Comprometidos

No sé si se enteraron, pero ahora hay toda una revuelta acerca de la actitud que tuvo el humorista Tato Bores durante la Dictadura. Para ser más precisos, mientras hubo desapariciones y torturas, él siguió trabajando cómodamente en televisión y que hubiese tenido la posibilidad de hacer algo más al respecto, y no sólo quedarse en el humor.

Que no se pretende decir que él fue cómplice o ideólogo de la Dictadura. Pero que tampoco ha hecho mucho para ponerle pecho, en comparación con otras figuras de la talla de, por ejemplo, Rodolfo Walsh.

Es curioso. Pero los que lo señalan con el dedo a Tato, nunca señalan a los que tienen a su lado. Para dar el ejemplo más fácil: ¿acaso Orlando Barone hizo algo al respecto? ¿No podría haber hecho algo más estando en Clarín durante todos los años oscuros?
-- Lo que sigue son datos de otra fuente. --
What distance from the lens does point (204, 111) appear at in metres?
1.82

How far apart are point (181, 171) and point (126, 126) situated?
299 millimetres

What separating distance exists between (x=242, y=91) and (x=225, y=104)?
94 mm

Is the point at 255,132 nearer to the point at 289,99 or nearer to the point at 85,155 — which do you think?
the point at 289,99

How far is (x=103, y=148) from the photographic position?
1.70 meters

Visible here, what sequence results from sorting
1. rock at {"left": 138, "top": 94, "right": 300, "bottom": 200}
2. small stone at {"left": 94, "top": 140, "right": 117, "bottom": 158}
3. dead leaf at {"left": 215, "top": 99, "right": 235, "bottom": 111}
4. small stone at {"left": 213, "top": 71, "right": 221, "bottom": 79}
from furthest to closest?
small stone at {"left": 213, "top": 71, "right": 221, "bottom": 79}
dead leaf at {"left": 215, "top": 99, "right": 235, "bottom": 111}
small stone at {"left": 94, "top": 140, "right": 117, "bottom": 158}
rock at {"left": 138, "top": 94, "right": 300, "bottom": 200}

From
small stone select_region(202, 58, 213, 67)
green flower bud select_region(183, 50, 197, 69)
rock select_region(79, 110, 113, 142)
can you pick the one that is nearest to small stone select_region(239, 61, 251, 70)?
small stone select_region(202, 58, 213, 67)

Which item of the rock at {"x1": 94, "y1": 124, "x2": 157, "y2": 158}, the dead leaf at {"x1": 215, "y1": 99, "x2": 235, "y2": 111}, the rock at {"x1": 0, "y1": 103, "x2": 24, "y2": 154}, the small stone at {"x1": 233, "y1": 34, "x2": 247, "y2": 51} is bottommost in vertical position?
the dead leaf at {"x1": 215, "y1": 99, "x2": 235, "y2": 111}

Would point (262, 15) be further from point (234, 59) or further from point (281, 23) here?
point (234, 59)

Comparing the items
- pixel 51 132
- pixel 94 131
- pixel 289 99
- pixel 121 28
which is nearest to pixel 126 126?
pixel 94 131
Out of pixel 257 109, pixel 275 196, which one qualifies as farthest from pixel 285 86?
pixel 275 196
Otro de los que tienen el dedo gordo es el ministro Florencio Randazzo, el mismo que está decidido a dar una clase magistral sobre periodismo gritando el nombre completo de aquel que no ejerce su profesión de manera “objetiva”. Él afirmó en 6-7-8 que ya habido gente que sabía lo que pasaba, que su papá se lo había advertido cuando él era chico. Por ende, le genera cierta inquietud que Tato haya optado por continuar con su rol de comunicador irónico.

Lo que Florencio no advierte es que él es ciego a la hora de ver quién tiene sentado al lado suyo. El canciller Héctor Timerman dirigió un diario monstruoso como es La Tarde, manejado por su papito Jacobo. El 24 de marzo de aquel año oscuro del setentaisiete, cuando Clarín calificó al golpe como el inicio de un “Nuevo Gobierno”, Tarde directamente segmentó la realidad para resaltar lo acontecido con el juramento militar “para reorganizar a la Nación”. Guevarismo puro.

Y si vamos a ir mucho más lejos, preguntémonos entre todos: ¿qué hicieron Néstor y Cristina durante la Dictadura? ¿Saben qué hicieron? Compraban departamentos. Compraban departamentos y de ahí avanzarían con todo su negociado de compras de tierras y departamentos en El Calafate, toda la familia. Mierda, qué militancia, ¿no?

No sé ustedes. Pero para mí, un chiste de Tato en plena dictadura fue muchísimo más comprometido que lo que hizo el matrimonio Kirchner en aquel entonces.